The lack of deliberate action on the part of any characters in "I'm Not a Robot" has been increasingly irksome to me. The main obvious issue is that this has made the drama very boring. All we seem to do anymore is just watch Min-gyoo act depressed because he knows that Ji-ah probably isn't actually a robot. While the placebo effect is still working, Min-gyoo is so listless we get the feeling that at any moment he could curl up into a sad little ball and cry himself to death.

When that's all we have to focus on it's actually a pretty big relief to get a scene where Yoo-cheol is creeping on Ri-el. Yoo-cheol comes off as surprisingly sympathetic. Sure Yoo-cheol gets frustrated at the end, but good on him for at least being able to tell her straight up how he feels. Whereas Ri-el is so cold and emotionally unresponsive it's a little surprising any man wants to be together with her at all, or vice versa.
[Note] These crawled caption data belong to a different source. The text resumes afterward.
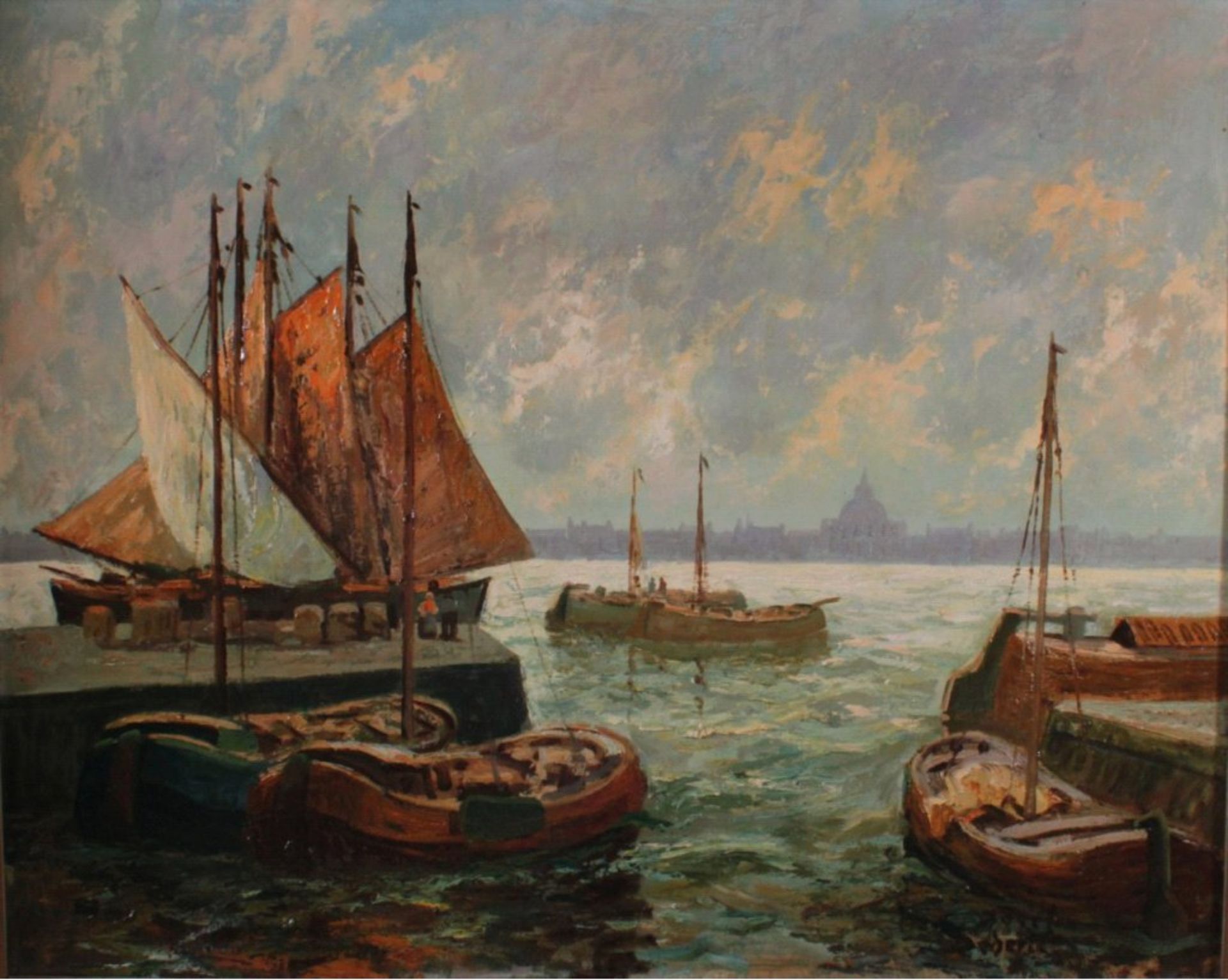 Josef Dederichs (1876-1948/58)Hafenansicht von Amsterdam, Öl auf Karton gemalt, untenrechts - Image 2 of 3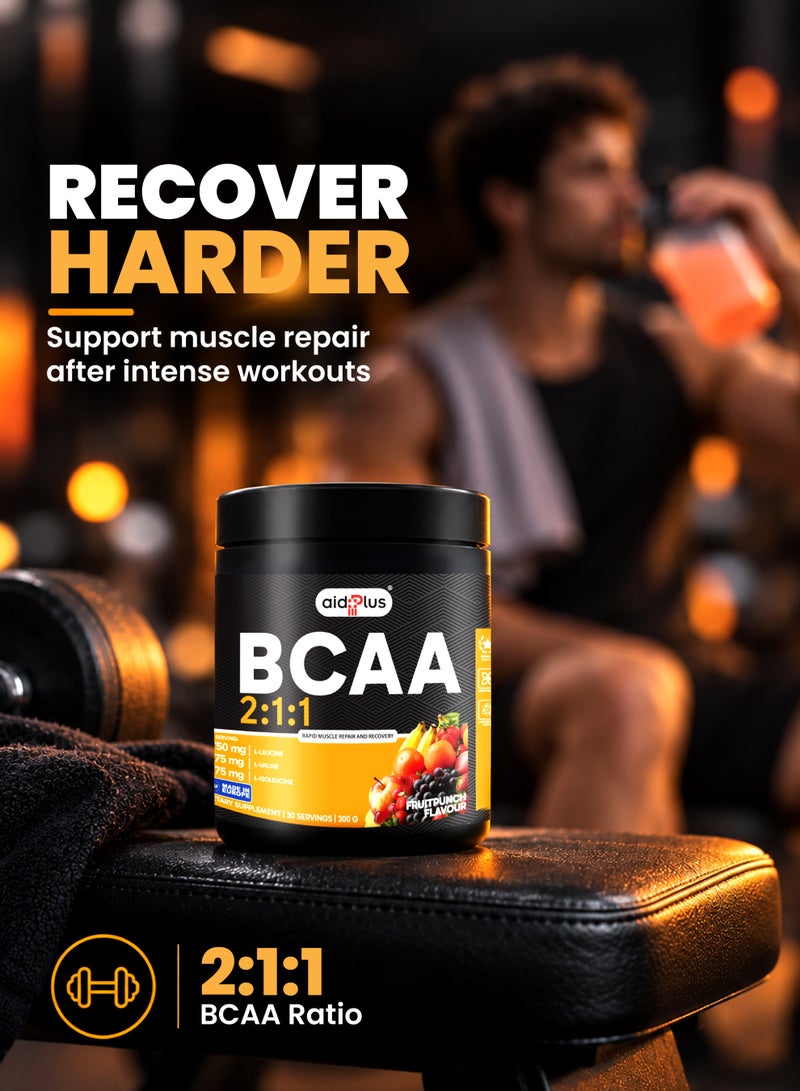ايد بلس مسحوق فاكهة بنكهة الفواكه BCAA ٢:١:١، ٣٠٠ غرام | ١٠ غرامات من BCAAs لكل حصة | تعافي العضلات وترطيبها | إلكتروليتات وأحماض أمينية - Image 4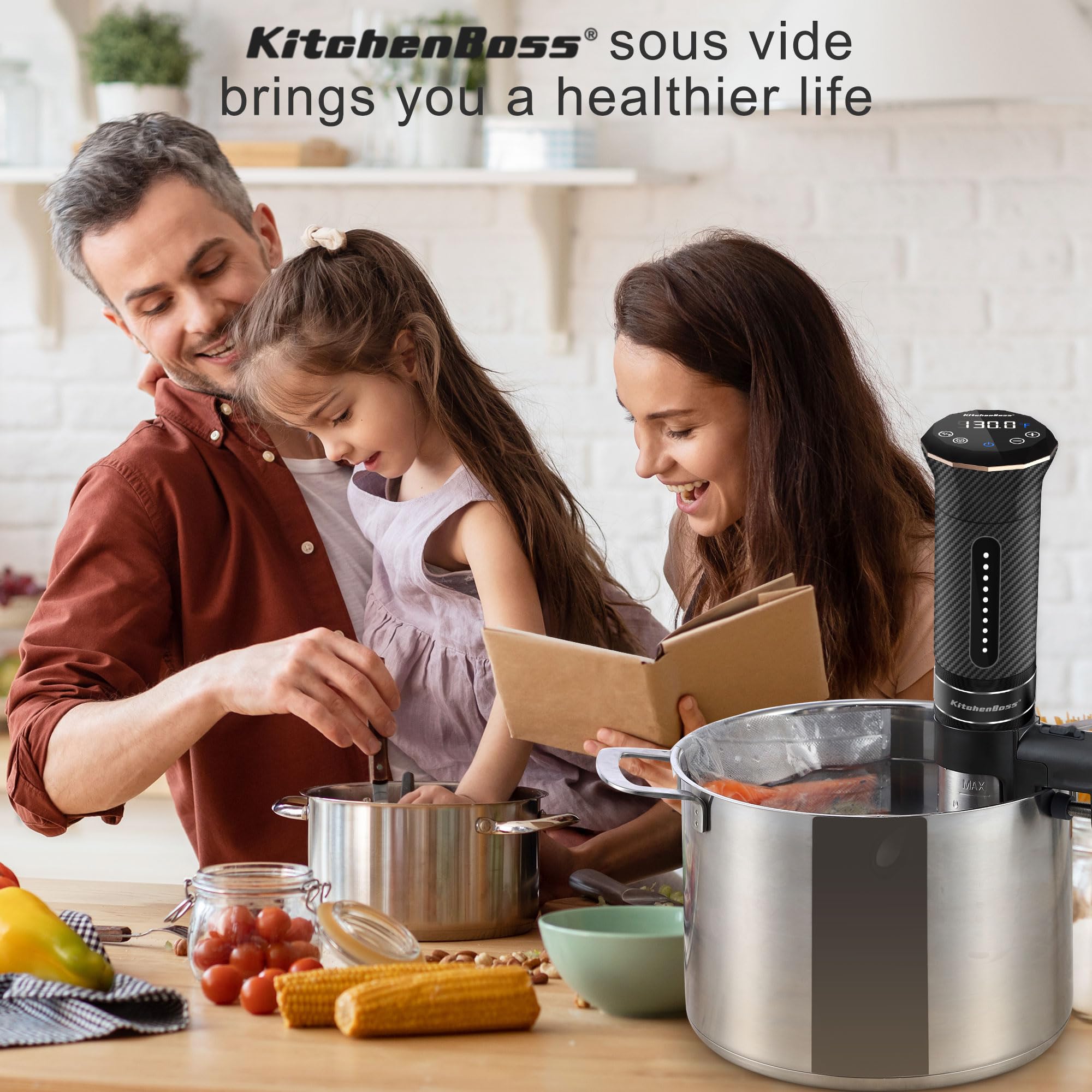 KitchenBoss Sous Vide Precision Cooker - Ultra Quiet 1100W Immersion Circulator with IPX7 Waterproof & Stainless Steel Design (120V) - Perfect for Home Chefs, Meal Prep & Restaurant-Quality Cooking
There's a good irony there- Min-gyoo needs a woman whom he believes to be a robot physically nearby in order to maintain the emotional fortitude necessary to romance a woman who acts like a robot. But Ri-el is as usual too thinly drawn a character for this comparative dynamic to actually go anywhere. "I'm Not a Robot" is just lurching at this point, while we're left waiting for some big movement to reinvigorate the story.